Le motard avec qui je déjeunais -qui n'est pas de la police!-poursuit sa conversation:" Le contrôle des terres en jachère se fait déjà au mètre carré près par satellite, de manière à vérifier les déclarations du propriétaire sur son dossier de demande de subvention. Donc, pourquoi s'en étonner? On dit que le progrès tuera l'homme on y est presque rendu!".

Il poursuit, entre viande-purée et fromage blanc, en m'entretenant de contrats d'assurance. Je le laisse parler sans trop écouter, me rappelant que dans les assurances, un contrat n'est que le photographie d'une situation à l'instant T, qu'un contrat ne peut être comparé à un ancien parce que tout a changé, le monde, la jurisprudence, ce qui est couvert par les assureurs ou ce qui ne l'est plus, ce que les événements récents ont produit en sinistres, etc...Au domaine particulier des assurances s'applique ainsi l'image d'Héraclite à propos du fleuve qui n'est jamais le même, que ce fleuve est toujours changeant. Compte tenu aujourd'hui de l'importance des assurances dans la mise en oeuvre des activités comme des réalisations cet aspect de la question n'est pas neutre. Mais ce dont est sûr mon collègue de repas c'est qu'il est une vache à lait, qu'il paie mais qu'il n'est pas sûr d'être bien assuré pour sa moto.

D'une assurance l'autre, puisque là où nous en étions de notre conversation comme du dessert il m'est venu à l'esprit d' imaginer que ce flux sans cesse changeant, sans cesse mouvant, puisse s'appliquer à l'identique des contrats d'assurance aux contrats de travail à venir, de l'assurance "dommages aux biens, responsabilité civile, couverture véhicules" à l'assurance de statut et d'emploi, direction vers laquelle se sont orientés patronat et gouvernants, avec pour conséquence dans le quotidien de chacun la précarité absolue. Toujours changeant, imprévisible, pouvant basculer d'un côté comme de l'autre, du pire ou du meilleur, tel sera l'avenir prôné par les tenants de l'idéologie libérale: "D'un côté le passé, de l'autre l'avenir. D'un côté l'immobilité frileuse, de l'autre l'épopée humaine." Non-assurance pour la vie à venir.

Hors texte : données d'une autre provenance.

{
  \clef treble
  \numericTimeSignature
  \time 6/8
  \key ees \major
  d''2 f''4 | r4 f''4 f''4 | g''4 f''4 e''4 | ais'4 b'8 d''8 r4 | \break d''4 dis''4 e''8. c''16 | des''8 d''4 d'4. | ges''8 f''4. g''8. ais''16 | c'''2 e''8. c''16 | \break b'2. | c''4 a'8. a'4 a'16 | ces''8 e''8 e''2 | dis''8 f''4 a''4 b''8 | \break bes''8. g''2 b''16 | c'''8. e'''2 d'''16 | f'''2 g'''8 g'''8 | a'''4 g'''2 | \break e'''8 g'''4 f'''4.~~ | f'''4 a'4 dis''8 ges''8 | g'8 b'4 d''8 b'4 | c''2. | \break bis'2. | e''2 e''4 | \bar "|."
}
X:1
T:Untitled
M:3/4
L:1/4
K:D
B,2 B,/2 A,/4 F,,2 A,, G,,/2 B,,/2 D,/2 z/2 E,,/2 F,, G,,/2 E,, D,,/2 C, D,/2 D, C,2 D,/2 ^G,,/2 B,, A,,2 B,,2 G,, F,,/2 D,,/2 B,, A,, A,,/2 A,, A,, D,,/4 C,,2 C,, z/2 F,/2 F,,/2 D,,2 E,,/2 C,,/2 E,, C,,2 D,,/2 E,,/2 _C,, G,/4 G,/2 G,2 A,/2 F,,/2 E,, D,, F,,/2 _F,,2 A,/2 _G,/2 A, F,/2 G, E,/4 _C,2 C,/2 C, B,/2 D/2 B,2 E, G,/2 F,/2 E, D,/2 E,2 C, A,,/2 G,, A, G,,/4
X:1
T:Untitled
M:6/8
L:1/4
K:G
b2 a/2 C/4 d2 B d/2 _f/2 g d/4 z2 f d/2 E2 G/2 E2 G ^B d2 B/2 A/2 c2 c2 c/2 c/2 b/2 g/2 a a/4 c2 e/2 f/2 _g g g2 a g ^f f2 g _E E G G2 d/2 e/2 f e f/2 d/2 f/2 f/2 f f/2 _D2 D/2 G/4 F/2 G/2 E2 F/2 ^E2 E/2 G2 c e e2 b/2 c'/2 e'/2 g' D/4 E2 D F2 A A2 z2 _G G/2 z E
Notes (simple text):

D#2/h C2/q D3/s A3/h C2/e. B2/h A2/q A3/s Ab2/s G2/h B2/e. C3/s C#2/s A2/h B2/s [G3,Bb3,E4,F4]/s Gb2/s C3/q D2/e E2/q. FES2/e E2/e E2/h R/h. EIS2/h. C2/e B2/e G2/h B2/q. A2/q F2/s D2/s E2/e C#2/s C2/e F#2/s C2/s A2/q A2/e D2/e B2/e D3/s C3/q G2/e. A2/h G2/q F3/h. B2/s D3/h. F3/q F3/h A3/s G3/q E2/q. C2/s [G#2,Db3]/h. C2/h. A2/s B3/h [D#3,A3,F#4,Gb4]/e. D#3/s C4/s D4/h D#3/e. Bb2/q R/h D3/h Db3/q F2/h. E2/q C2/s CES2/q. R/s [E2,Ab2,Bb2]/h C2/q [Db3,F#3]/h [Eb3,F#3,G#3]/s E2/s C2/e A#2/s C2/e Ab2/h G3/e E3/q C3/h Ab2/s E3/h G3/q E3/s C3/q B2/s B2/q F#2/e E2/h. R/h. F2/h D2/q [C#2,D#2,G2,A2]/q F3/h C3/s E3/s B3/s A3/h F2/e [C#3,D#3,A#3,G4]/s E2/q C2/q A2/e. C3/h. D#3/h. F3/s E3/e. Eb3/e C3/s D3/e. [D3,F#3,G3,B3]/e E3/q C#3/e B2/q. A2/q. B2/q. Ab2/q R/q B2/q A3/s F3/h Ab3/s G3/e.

Dans l'un et l'autre cas, assurance et travail, cela renvoie au contrat. Contrats face aux risques. Donc, mesure du risque, appréciation des valeurs à couvrir. Négociations du pot de terre contre pot de fer. Bras de fer. Complexité de la situation. De quelle autonomie, de quel recul dispose-t-on? Quels sont les termes du contrat? Cette question n'étant valide bien sûr que de ceux qui ont à s'assurer de quelque chose.

Et cette question est aujourd'hui bien ouverte par la création du CPE (Contrat Première Embauche): le salarié ne dispose d'aucun droit et l'employeur d'aucun devoir. Précarité, chômage, faibles salaires. Contrat pire que tout: pire que les contrats à durée déterminée et les contrats d'intérim. Un encouragement aux patrons voyoux puisque ceux-ci n'auront pas la peine d'apporter le motif de licenciement. C'est un coup porté au Code du Travail.

Pire encore puisque ce sont les métiers mêmes qui se dissolvent au profit de compétences non-définies, à leur tour toujours mouvantes, changeantes, prises dans un flux du besoin temporaire...Pourra-t-on supporter un tel flux qui va en s'accélérant ? La réponse est non. Il faut du durable, en instituant du constant. Et de l'égalitaire. Il s'agit aujourd'hui de prendre conscience du fait que ce qui se joue est sans précédent.